> _Information provided_
* * *
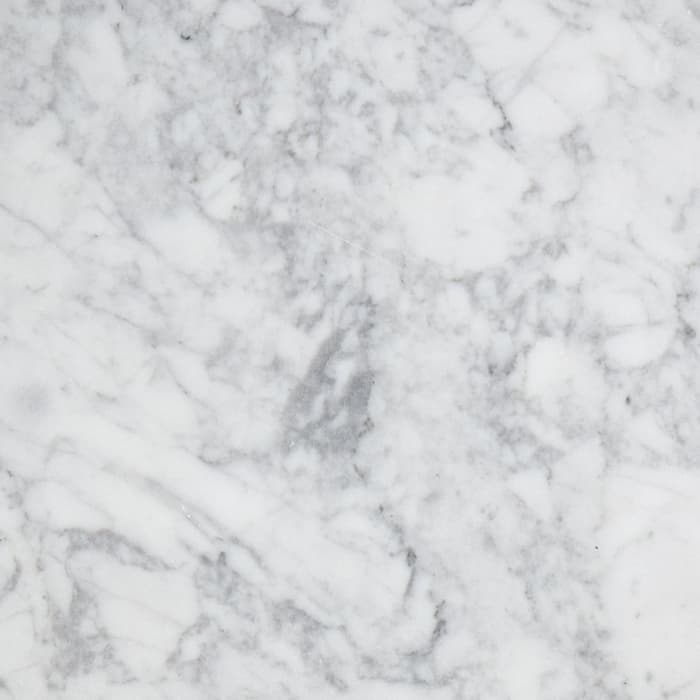 Two square marble tiles, one white with grey veining and the other dark green with light streaks, placed on a white surface.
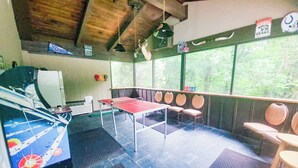 Una habitación con mesa de ping pong, sillas, un refrigerador y una ventana que da a vistas de árboles.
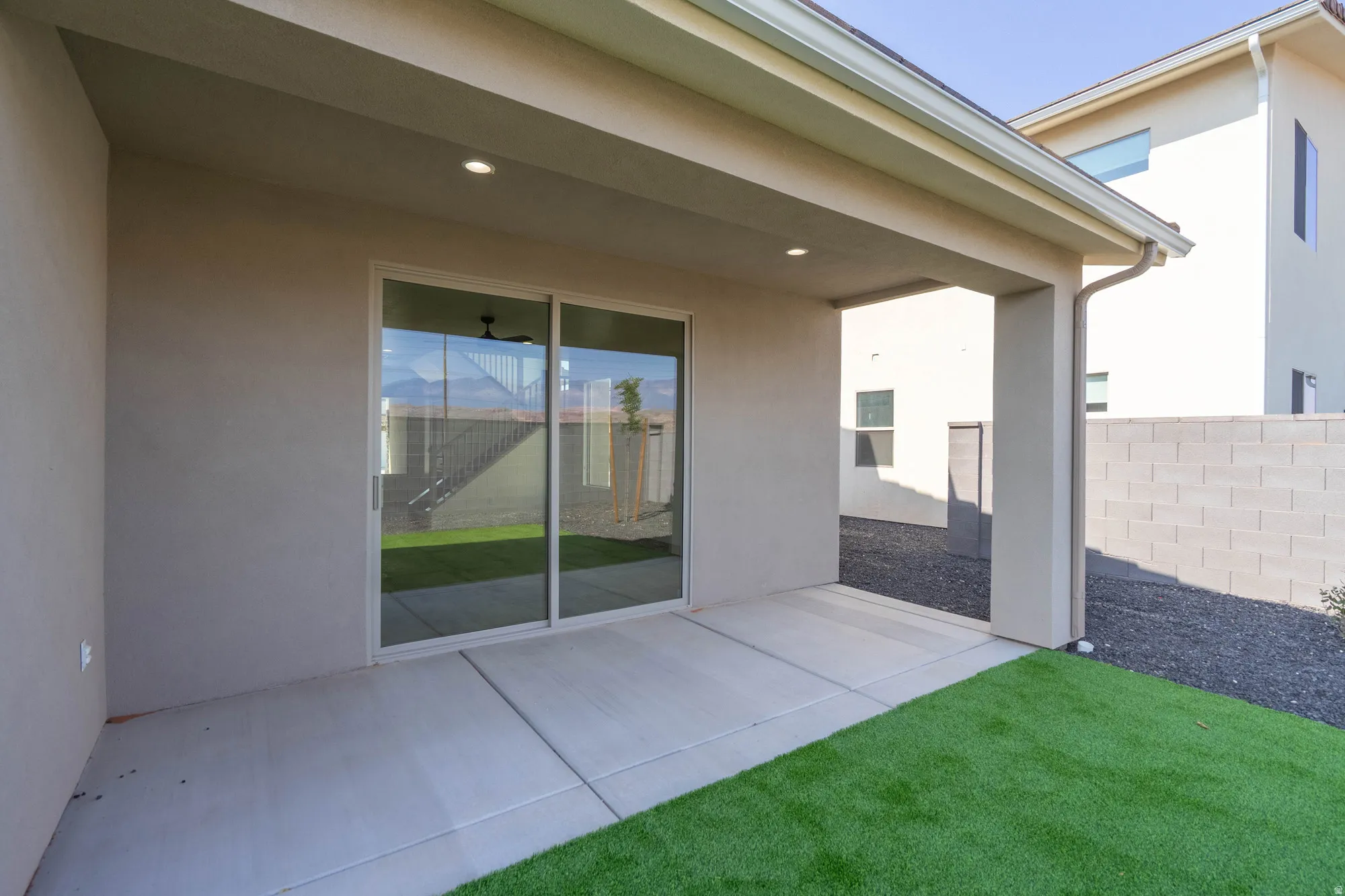 Covered patio with recessed lighting, concrete flooring, sliding glass door, and artificial turf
* * *
Repeat, exactly and only, the lines from the one containing "Una habitación con" through the final line of the data, both ends included, leaving out any picture.

> _Solution to this problem_
 Una habitación con mesa de ping pong, sillas, un refrigerador y una ventana que da a vistas de árboles.
 Covered patio with recessed lighting, concrete flooring, sliding glass door, and artificial turf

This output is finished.